Saturday, December 31, 2011

Reflections on a Busy Year – Part Three



I am certain as ever there are hordes of tools out there that do all the things I do in a much more time efficient way with a higher communication impact. But here are some reflections on trends I have seen this year.

Google Docs – I’ve been using this a lot for collaboration across and beyond our organisation. Challenge when tools arrived was to get other folk comfortable with this technology and happy to contribute in a crowd sourced way.  I’d predict much more use of tools like this across the public sector and folk become socialised to this way of working.

Twitter – In one way probably an enemy to joined up thinking – most folk who tweet think we hang on every post. I’ve been in a few meetings where folk think because they have broadcast something that everyone has read it and that everyone understood what it was about.   With those caveats Twitter remains a very effective way of following lots of change across range of sectors and sharing useful links

MOOCs – Massive Open On-line Courses There just has not been enough time in my diary to actively engage with one. Game changer this year has been Stanford’s Artificial Intelligence Course with  more than 100,000 learners  taking part  and some more courses on offer this year this is really something to watch and take part in if you get the chance. Worth too just doing a Google Search for Stanford Mooc you start seeing huge range of learning resources the learners have created 

Aggregation Tools Paper.li
These just get better and better and are great ways for getting most out of all the sources you follow and for re-broadcasting them selectively. I predict these will be big news next year as folk struggle to stay on top of all the information sources they now have access too.

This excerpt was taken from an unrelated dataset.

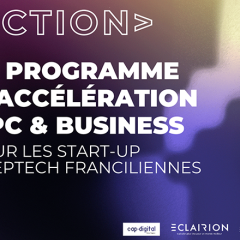 "IA—ction", le programme d’accélération HPC & business dédié aux start-ups deeptech de l’IA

Pealrtrees  - picked up on this about half way through year – for some topics I think this is better than delicious as a social bookmarking tool . Worth too checking out some of the collections  that are already there.

Simmering in background all this year and I’d expect more growth next year -
Infographics , Digital Storytelling , Growth of on-line schools , more interest in  national one computer per child and digital literacy projects

I have one confession though I’ve used Google Hangouts a couple of times but I still don’t really get Google+  I’ve got an i-pad 2 too and mostly use it as a flat screen TV

Finally a word of praise for Engage for Education.  I ‘ve been more and more impressed this year by the Scottish Government’s ability to use social software effectively .  The only slightly worrying caveat is that many of our stakeholders – teachers - are still looking for that paper copy of any information – I hope we can change this in the coming year.